Intel Corporation, founded in 1968, is the largest semiconductor company in the world. The company's products are mainly processors, but also include chipsets, motherboards, memory, software, and other elements. The company has market share dominance in server computing and personal computing, but its processors have not been particularly energy efficient, and so it is ARM Holdings (ARMH), rather than Intel, that has the dominant position in smart phone and tablet processors.
Geographically, over two-thirds of Intel revenue comes from Asia/Pacific, while the rest comes mainly from the Americas and Europe. By segment, nearly three-quarters of revenue comes from the PC client group (which is the area facing the most scrutiny for lack of growth, at least in developed markets), another fifth or so comes from the data center group (which has solid growth prospects), and the remainder comes from elsewhere.
- Price to Earnings: 11.6
- Price to Free Cash Flow: 14.6
- Price to Book: 3.3
- Return on Equity: 27%
Revenue and Free Cash Flow
Click to enlarge
Intel has been in a period of erratic growth.
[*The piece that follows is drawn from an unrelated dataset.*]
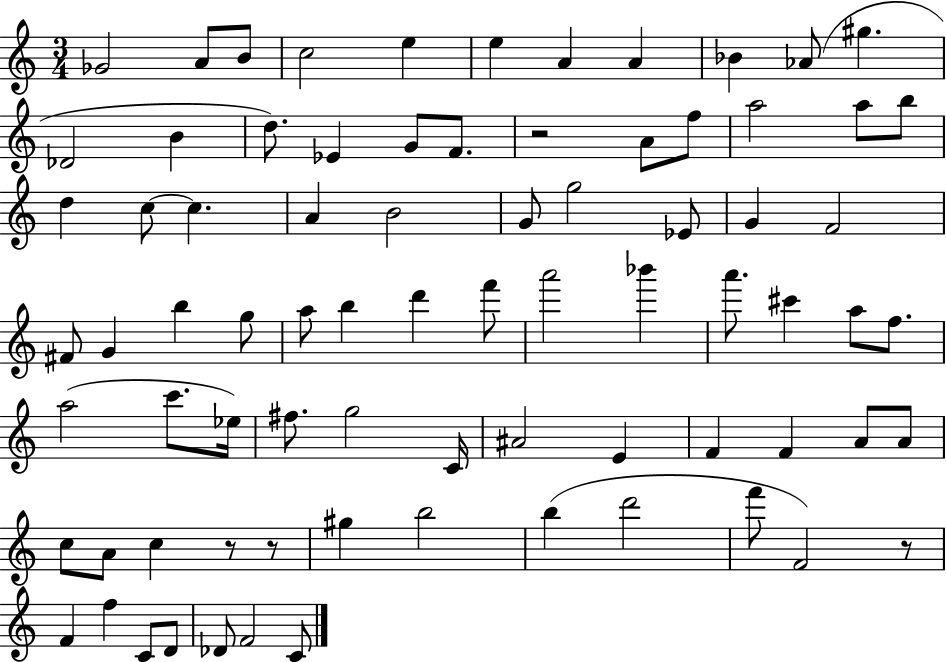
Gb4/h A4/e B4/e C5/h E5/q E5/q A4/q A4/q Bb4/q Ab4/e G#5/q. Db4/h B4/q D5/e. Eb4/q G4/e F4/e. R/h A4/e F5/e A5/h A5/e B5/e D5/q C5/e C5/q. A4/q B4/h G4/e G5/h Eb4/e G4/q F4/h F#4/e G4/q B5/q G5/e A5/e B5/q D6/q F6/e A6/h Bb6/q A6/e. C#6/q A5/e F5/e. A5/h C6/e. Eb5/s F#5/e. G5/h C4/s A#4/h E4/q F4/q F4/q A4/e A4/e C5/e A4/e C5/q R/e R/e G#5/q B5/h B5/q D6/h F6/e F4/h R/e F4/q F5/q C4/e D4/e Db4/e F4/h C4/e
Between 2004 and 2011, the company grew revenue by an annualized rate of over 6.7%, and free cash flow by an annualized rate of less than 2%.
Earnings and Dividends
Intel has similarly had erratic earnings growth over this period, but averaged an annualized EPS growth rate of 10.8%.
The company consistently grew dividends every year without fail in this period, and averaged an annualized dividend growth of over 25%. The most recent quarterly increase in the period was 18%. Intel has stated that it targets a 40% dividend payout ratio from free cash flow, and expects to grow the dividend at approximately the same pace as EPS, which is a more realistic and sustainable dividend growth rate going forward. The high dividend growth rate up to this point was due to the dividend catching up to a reasonable payout ratio from EPS.
The current dividend payout ratio from earnings is a bit under 35%, and the dividend yield is 3.03%. This is a rather high dividend yield for the technology sector, and the company’s consistent stretch of dividend growth is becoming rather mature.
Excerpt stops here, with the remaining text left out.